Horizon Petroleum sichert sich Finanzierung für polnisches Gasfeld
Horizon Petroleum hat erfolgreich ein Emissionsangebot über 720.000 gesicherte, nicht wandelbare Schuldverschreibungseinheiten abgeschlossen. Diese Initiative bringt dem in Calgary ansässigen Unternehmen einen Bruttoerlös von 720.000 US-Dollar ein, der für die Entwicklung des Gasfeldes Lachowice in Südpolen sowie für Betriebskapitalkosten und Gemeinkosten verwendet werden soll.
Bestehend aus nachrangigen Schuldverschreibungen und Warrants, bieten die Einheiten dem Käufer die Möglichkeit, im kommenden Jahr bei einem Zinssatz von 15 % verzinst zu werden.
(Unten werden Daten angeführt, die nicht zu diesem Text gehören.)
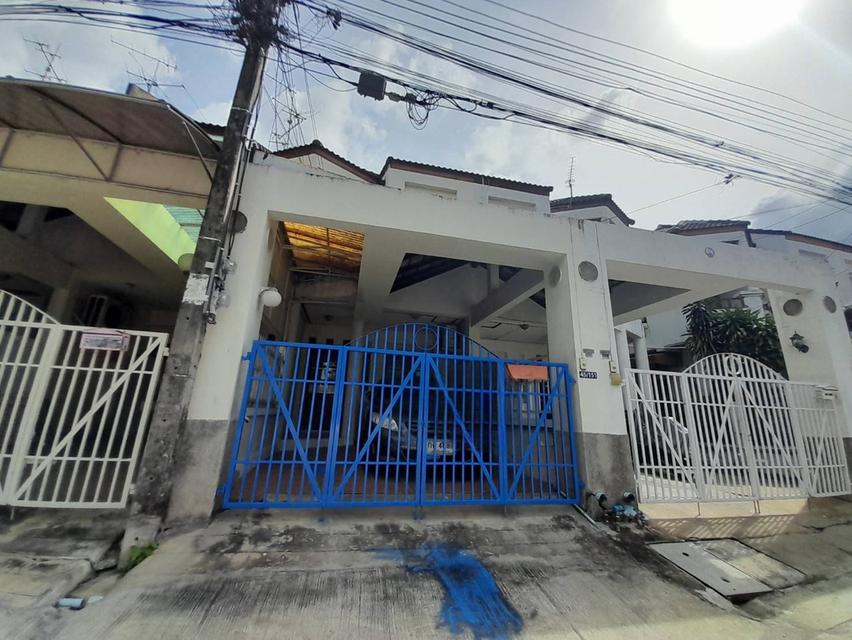 ขายถูกทาวน์เฮ้าส์ 2 ชั้น หมู่บ้านชวนชื่น เขตประเวศ (N.764) 2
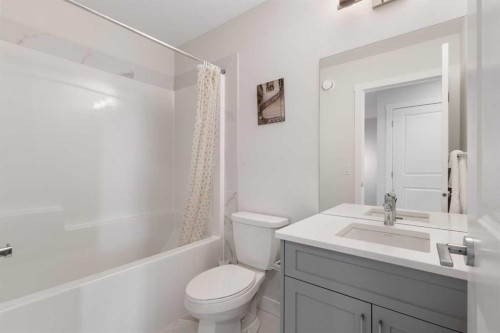 251 Lucas Boulevard Nw, Calgary, AB - Indoor Photo Showing Bathroom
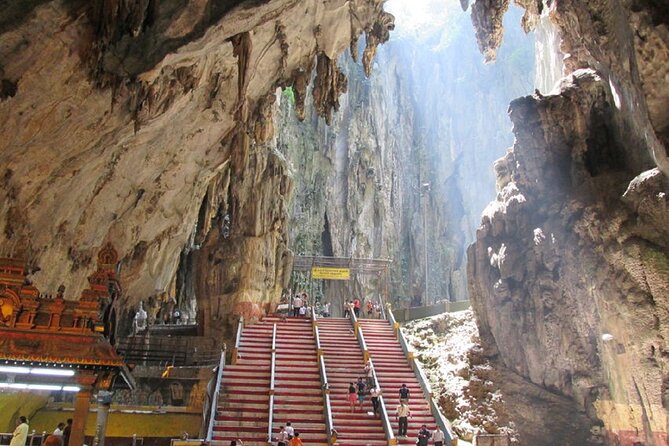 Private Half-Day Batu Caves and Cutural Tour in Kuala Lumpur - Masjid Negara: the National Mosque, gardens, and a calm ending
Interessanterweise wurden insgesamt acht Investoren von diesem Angebot angelockt.
Der Ansatz, die Finanzierungsstruktur durch einen Mix aus Schulden und Warrants zu gestalten, erlaubt Horizon größere Flexibilität, insbesondere durch die Möglichkeit einer vorzeitigen Rückzahlung. Abgesehen von den finanziellen Transaktionen hat das Unternehmen Vermittlungsprovisionen in Höhe von 35.000 US-Dollar gezahlt und 175.000 Vermittler-Warrants bereitgestellt.
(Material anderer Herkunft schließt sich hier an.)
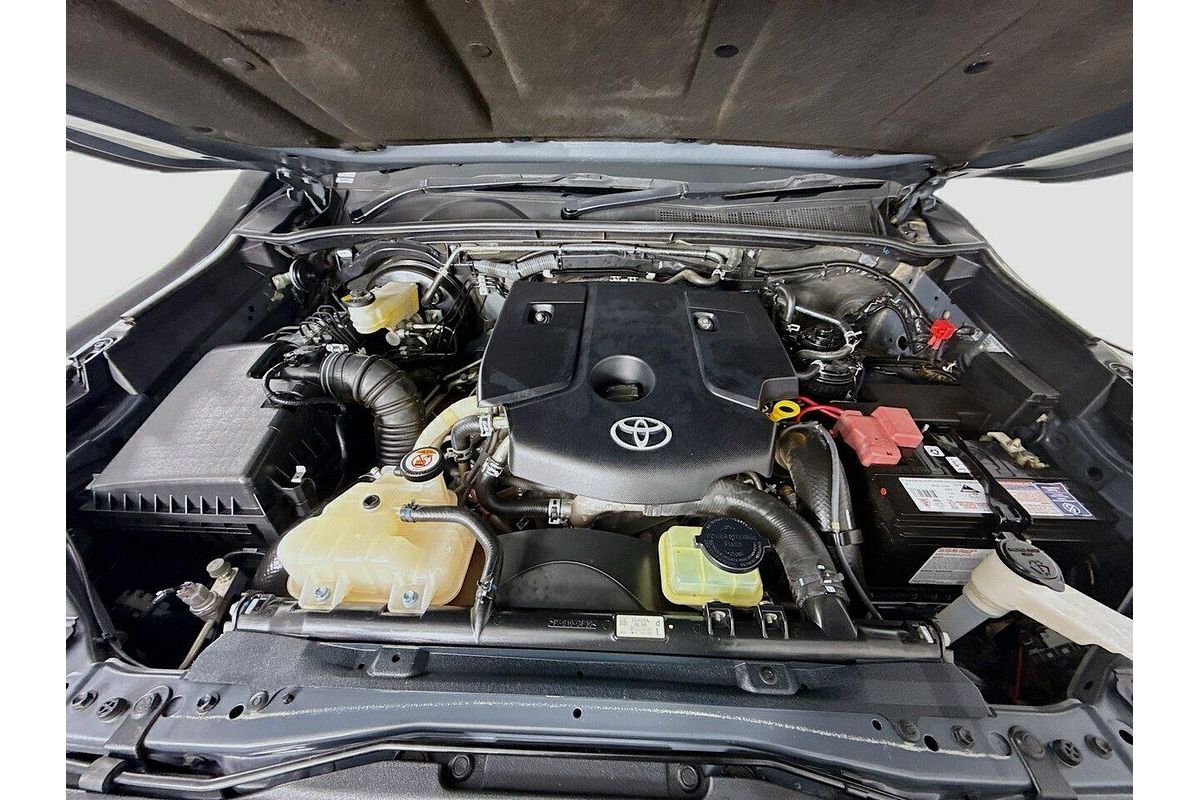 2019 Toyota Hilux SR5 GUN126R 4X4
Diese Anreize, bis zum Mai 2026 exerzierbar, sollen den Investitionsbedarf weiter ankurbeln. Bemerkenswert ist die Teilnahme von nahe stehenden Parteien an diesem Finanzierungsprojekt, was auf strategische Allianzen innerhalb des Unternehmens hindeutet.
Ein weiterer wichtiger Aspekt ist die Bedingung, dass alle Wertpapiere einer Haltefrist unterliegen, die der Marktregulierung dient. Die Entscheidung, auf Berichtspflichten gemäszlig; Multilateral Instrument 61-101 zu verzichten, wird als Maßnahme zur Beschleunigung des Abschlusses angesehen.
Horizons Ziel, konventionelle Erdöl- und Erdgasvorkommen auf europäischem Festland zu erschließen, rückt durch diesen Finanzierungsabschluss in greifbare Nähe. Mit dem Know-how eines internationalen Experten-Teams unter der Leitung von CEO Dr. David Winter, ist das Unternehmen gut positioniert, um von technologischen und wirtschaftlichen Entwicklungen im Energiesektor zu profitieren.